In Deutschland dagegen schlägt die Inflation voll zu. „Bauzulieferer gehen in Kurzarbeit, da sich die Bauaktivitäten durch die stark gestiegenen Preise rückläufig entwickeln“, sagt Beil. „Die Fertigstellungen im Wohnungsbau bleiben weit hinter dem gesetzten Ziel zurück, genehmigte Bauprojekte werden auf Eis gelegt oder gänzlich aufgegeben.“ Und auch hier entwickeln sich die Dinge in den Kernstaaten der EU ähnlich.

EZB im Dilemma
Das bringt die EZB in eine schwierige Situation.
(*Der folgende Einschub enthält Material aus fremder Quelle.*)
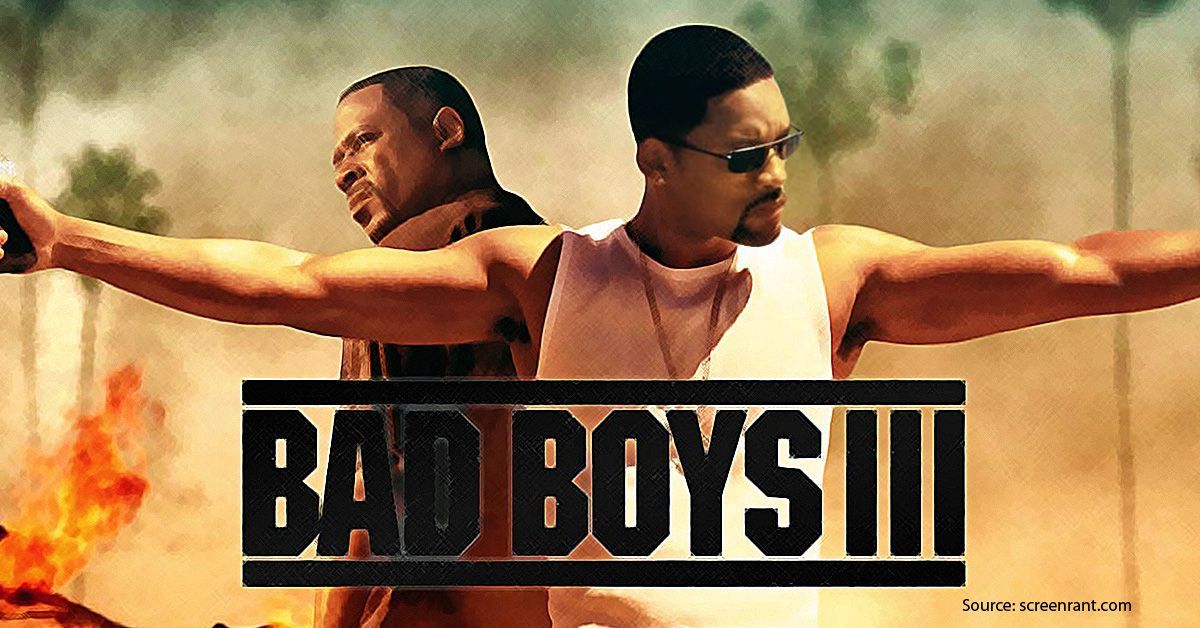 Bad boys outlet full movie 123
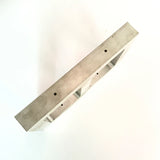 Rubber Mold Making for Wax Injection Mold Frame 1pcs/lot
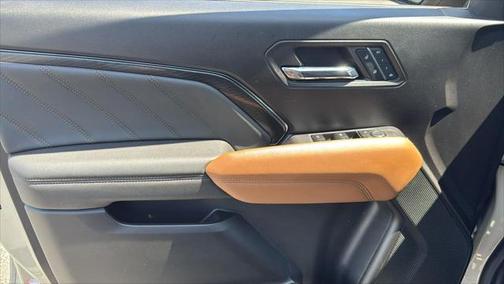2023 GMC Canyon Base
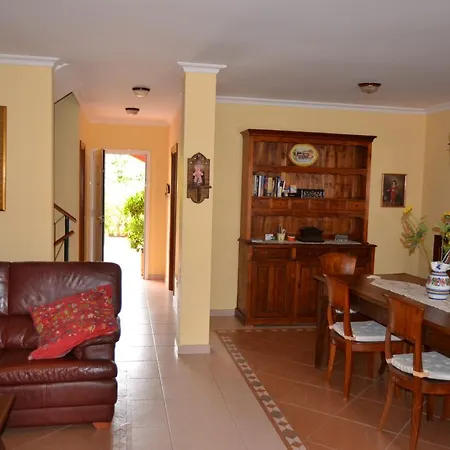 Vakantiehuis Jardines Del Duque 3 Bedrooms 43 Costa Adeje (Tenerife)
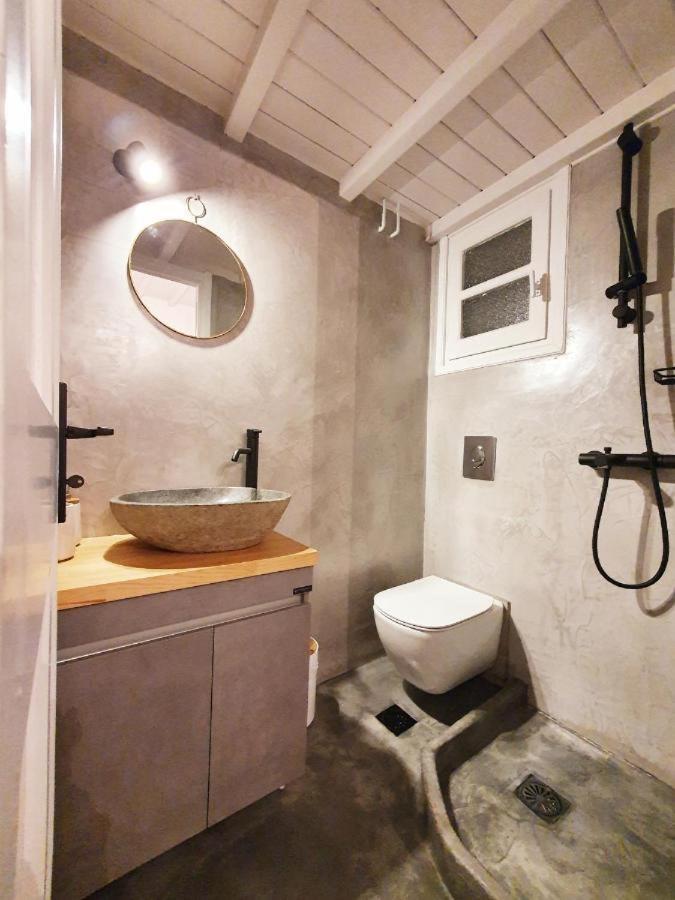Cute Studio In Heart Of Mykonos Town! * Mykonos Town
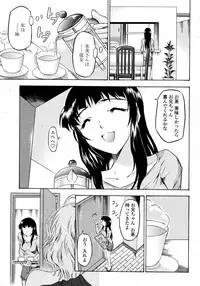 COMIC Momohime 2008-01
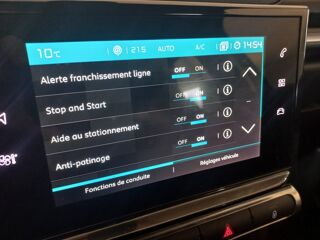 C3 BlueHDi 100 BVM PLUS 2024 occasion 91580 &Eacute;tr&eacute;chy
Lässt sie die Leitzinsen unverändert, wird die Inflation in Deutschland und vergleichbar aufgestellten Ländern weiter wachsen. „Dreht sie aber zu stark an der Zinsschraube, könnte sie Volkswirtschaften wie eben Spanien abwürgen“, sagt Beil. „Zumindest in der Theorie, denn die Praxis sieht mittlerweile anders aus.“

Denn entscheidend für die Belastbarkeit eines Staatshaushalts mit Zinszahlungen sind nicht die Prozente, die auf den Kupons der Anleihen stehen. „Entscheidend ist die Summe, die an Gläubiger überwiesen werden muss“, so Beil. „Und da die EZB ohnehin einen guten Teil der Anleihen in ihre eigene Bilanz nimmt, erfolgt die Zinszahlung an die EZB.“ Was dann dazu führt, dass der Gewinn der EZB steigt und diese Gewinne wieder an die Staaten ausgeschüttet werden.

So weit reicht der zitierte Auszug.